Wilson, who is from Somerville, Massachusetts, was state coordinator of the fight against NAFTA in the 1990s. “I saw the way the Clinton administration used sticks and carrots to bring around members of congress we didn’t think would flip.” For him the platform committee’s failure to produce a plank opposing the TPP—a position supposedly favored by both Clinton and Sanders—only added to the difficulties he expects the Democrats to have with union members.

“There’s a lot of workers out there already listening to Trump,” Wilson said. “He keeps saying these things about trade and TPP, trying to peel workers away from Clinton.” And that was before Terry McAuliffe, who succeeded Tim Kaine as governor of Virginia, told Politico that after the election he was sure Clinton would flip back to supporting the trade pact. The Clinton campaign issued an immediate denial. And McAuliffe himself tried to walk back his comments yesterday. But, as he said, he’s known both Clintons for half a century, and the damage has already been done.

So Hillary Clinton has a big mountain to climb tonight. She has to introduce herself to a country that already believes it knows her—and, frankly, doesn’t like her very much. And which, according to the latest polls, finds her less trustworthy than Donald Trump.
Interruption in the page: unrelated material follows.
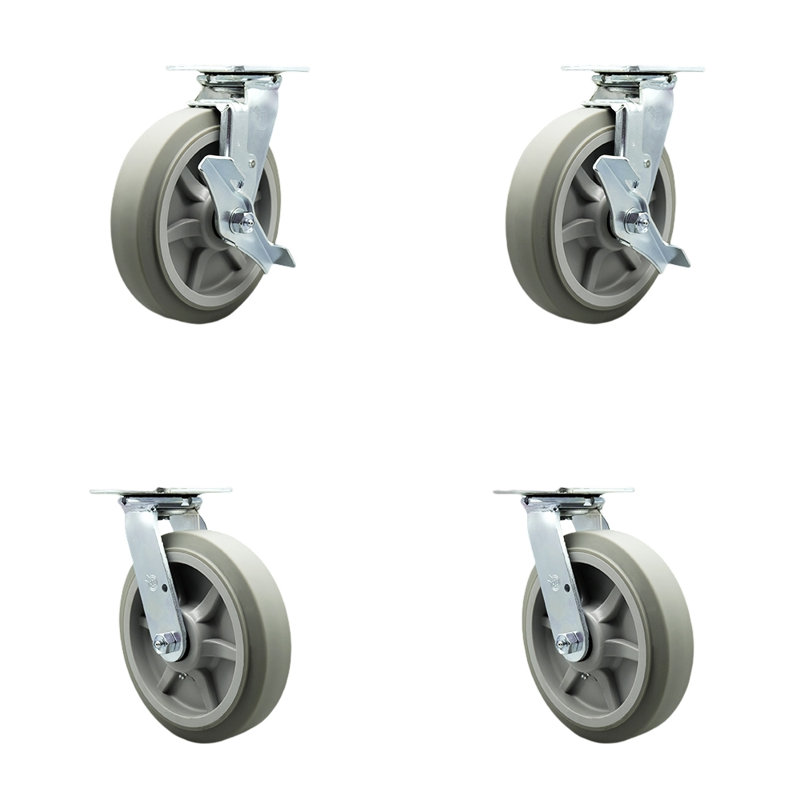 4 Piece Thermoplastic Rubber Caster Set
She has to thread the tricky needle of sustaining the “morning in America” vibe of Obama’s speech—while acknowledging all of those still in darkness. (I couldn’t help noticing that even among her own delegates last night the most prized souvenirs were the Obama signs. Thanks to a kindly Welshman I got one in the end, but there were still hundreds of Clinton signs littering the arena floor when I left.)

But she also has to find a way, if not to reel in all of the young Sanders supporters, then to put out markers towards a path of reconciliation. And to convince the young idealists who, after all, represent the future of the Democratic Party, that she’ll be an ally, not an obstacle, in weaning the party from its addiction to corporate cash and the resulting politics of triangulation. Last night was all about an opening to Republicans—an opportunity that, thanks to Trump, any Democrat would have been foolish to ignore. But she needs to make the Democratic wing of the Democratic Party feel she really is one of them. And she needs to show millennials that she’s listened, and learned, and that she (unlike the Wasserman Schultz DNC) doesn’t view them with contempt.
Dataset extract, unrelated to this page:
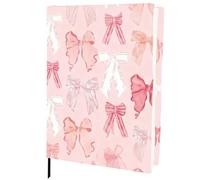 CRASPIRE Stretchable Book Cover Protector Pink Bow Bowknot Washable Reusable Jumbo Fabric Cloth Elastic Sleeve Stretchy Wrap Up to 9x11In for Hardcover Paperbacks Book Lover Notebook Textbook Reader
Finally, she needs to find a way to speak to the white working class—especially men. In a convention which has been a veritable jamboree—I’m tempted to say a “rainbow coalition”—of the previously excluded and disadvantaged, there has been precious little for working men to latch on to. Jesse Jackson was a champion for civil rights when Hillary Clinton was still a Goldwater Girl. And a champion of gay rights when she opposed gay marriage—and when her husband signed the Defense of Marriage Act. And an eloquent analyst of the economic basis of women’s oppression.

But Jackson also knew he had a hill to climb with white workers—and put in hours and days and years walking picket lines and speaking at factory gates. He knew he had to earn their trust, and that it would take work and time—and he put in the work and time.
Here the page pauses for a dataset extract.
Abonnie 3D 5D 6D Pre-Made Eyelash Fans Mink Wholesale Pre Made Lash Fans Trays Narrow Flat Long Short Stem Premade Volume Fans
It’s never been clear (to put it mildly) that Hillary Clinton really gets economic inequality. Or the festering wound of class in America. She and her husband have always talked about people who “work hard and play by the rules,” without a lot of attention to how the game is rigged. In the past that hasn’t mattered—in part because no one else talked much about it either. But thanks to Bernie Sanders and Elizabeth Warren, we’re talking about it now—with Trump parroting their language. If Hillary Clinton is going to “defeat Donald Trump, and defeat him badly,” she’s going to have to find a way not just to talk about it, but to convince us that she means it. That she “gets it.” And she doesn’t have a whole lot of time.